(5)観測位相速度

空間自己相関法を適用した場合,アレイ半径rの地震計アレイから求められた空間自己相関係数は,次式に示す第1種0次のベッセル関数J0で表現される。

   Ρ(f,r) = J0(2πfr/c)

ここで,ρは空間自己相関係数,fは周波数,rはアレイ半径,c=c(f)は周波数fにおけるレーリー波基本モードの位相速度である。ある周波数に注目すると,この式における未知パラメータはc(f)のみであるために,空間自己相関係数ρ(f,r)から位相速度

c(f)が求められる。

本調査の調査地点(NAK,OTA及びKOT)毎に計算した観測位相速度を,図2−2−31図2−2−32図2−2−33に示す。
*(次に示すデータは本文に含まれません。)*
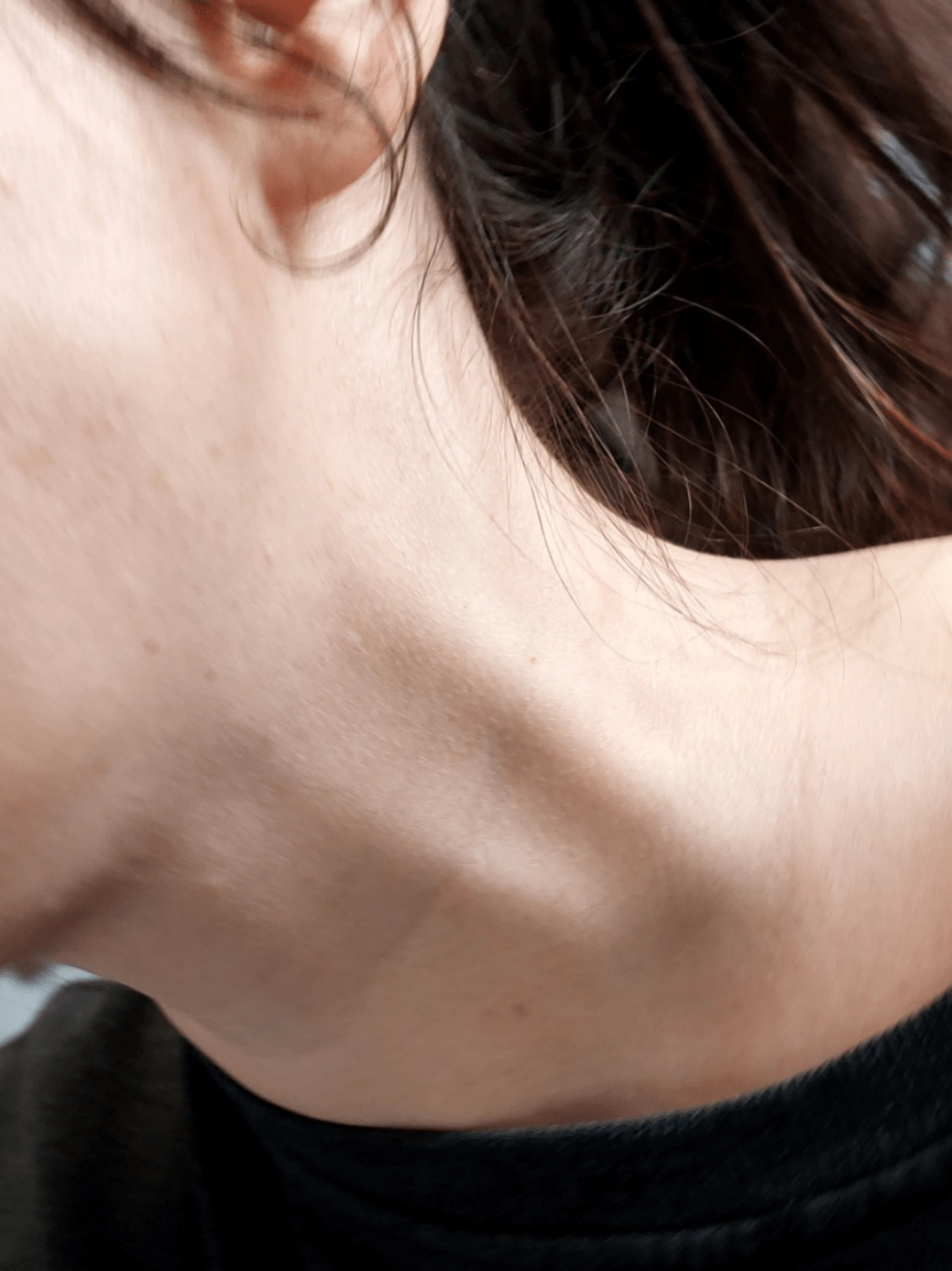 Distension of jugular vein r/medical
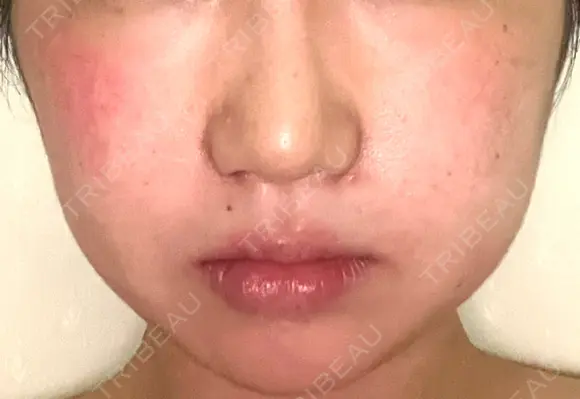 バッカルファット除去 / 脂肪吸引（顔） / ジョールファット除去 WOM CLINIC GINZA （ワム クリニック ギンザ） BEFORE メイン用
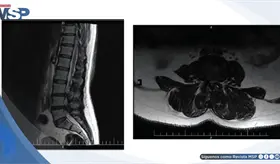 Tratamiento con ejercicio PKE logra recuperaci&oacute;n funcional en hernia discal lumbar con ciatalgia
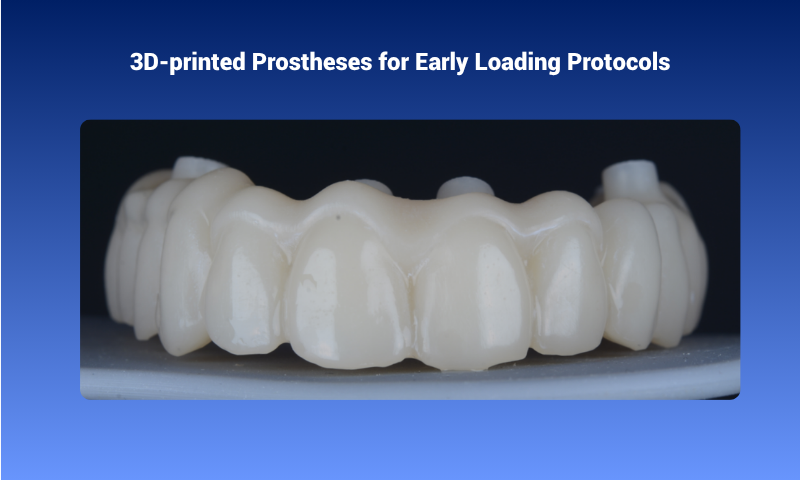 3D-printed prostheses for early loading protocols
各図とも,上図はアレイ半径別に求めた観測位相速度,下図は同一周波数毎の平均値をHanningウィンドウで平滑化した観測位相速度(黒実線)及び観測位相速度の推定誤差の範囲(黒色破線)を,それぞれ表す。

「その1調査」に係るアレイ平均別の観測位相速度については,東京都(2003c)に掲載した。

図2−2−34には,「その1調査」及び本調査で得られた観測位相速度を一括して示す。総じて,周波数0.15Hz〜3.85Hz(周期0.27sec〜6.90sec)の範囲で,0.21km/sec〜2.70km/secの観測位相速度が推定された。